Teams of volunteers would show them the country and help them integrate, learn Spanish and find jobs.
A majority of Uruguayans opposed the decision to take in the ex-detainees, but Mujica, a leftist ex-guerrilla who spent 14 years in jail under Uruguay's military dictatorship, pushed ahead on principle, calling Guantanamo a “human disgrace”.
The outgoing president is one of Latin America's most popular leaders due to his blunt style and modest lifestyle.
He has put Uruguay on the global map with radical measures like his decision to take in the Guantanamo inmates and legalise the cultivation, sale and use of marijuana.

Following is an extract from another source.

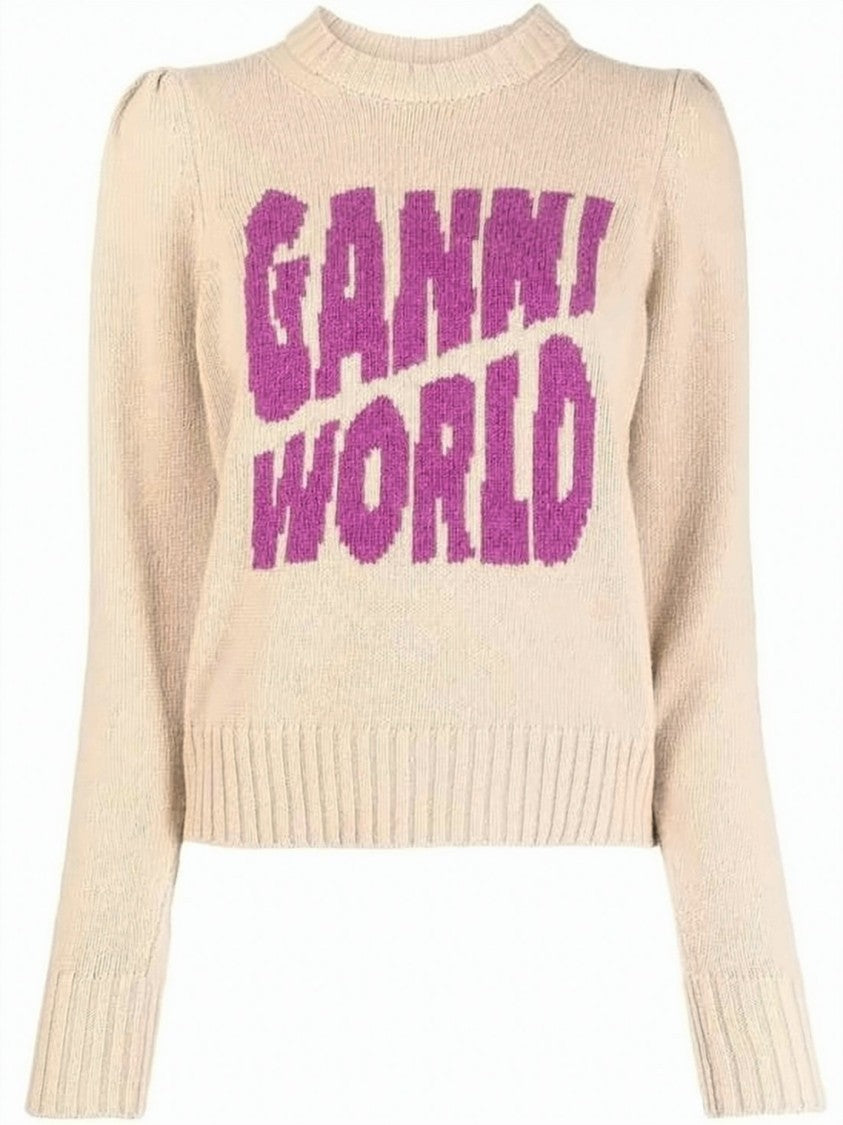 Ganni Knitted Sweater With Ribbed Details And Bold Graphic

In his open letter, Faraj said he and the other five men would show “only good will” to Uruguay and plan to remake their lives there.
“I have no words to express how grateful I am for the immense trust that you, the Uruguayan people, have placed in me and the other prisoners by opening the doors to your country,” he said in the letter sent to newspaper El Pais via his lawyer.
He also said he was a fan of Uruguay's soccer team and looked forward to supporting them.
The path back to a normal life will be hard, the ex-detainees' lawyers say.
Diyab, who spent much of the past two years on hunger strike being force fed, is wheelchair-bound, has sharp back pains he puts down to his treatment at Guantanamo, and has missed out on watching his three children grow up, Pradhan said.
She said he was swept up in the aftermath of the September 11, 2001 attacks on the United States by groups rounding up Arabs for bounties being offered by Washington.
“He used to own a restaurant ... He's hoping that once he recovers he'll be able to regain his ability to walk and go back into food service.”
Seven other prisoners have been transferred from Guantanamo since early November, including three to the republic of Georgia, two to Slovakia, one to Saudi Arabia and one to Kuwait. The prisoner population is still 136.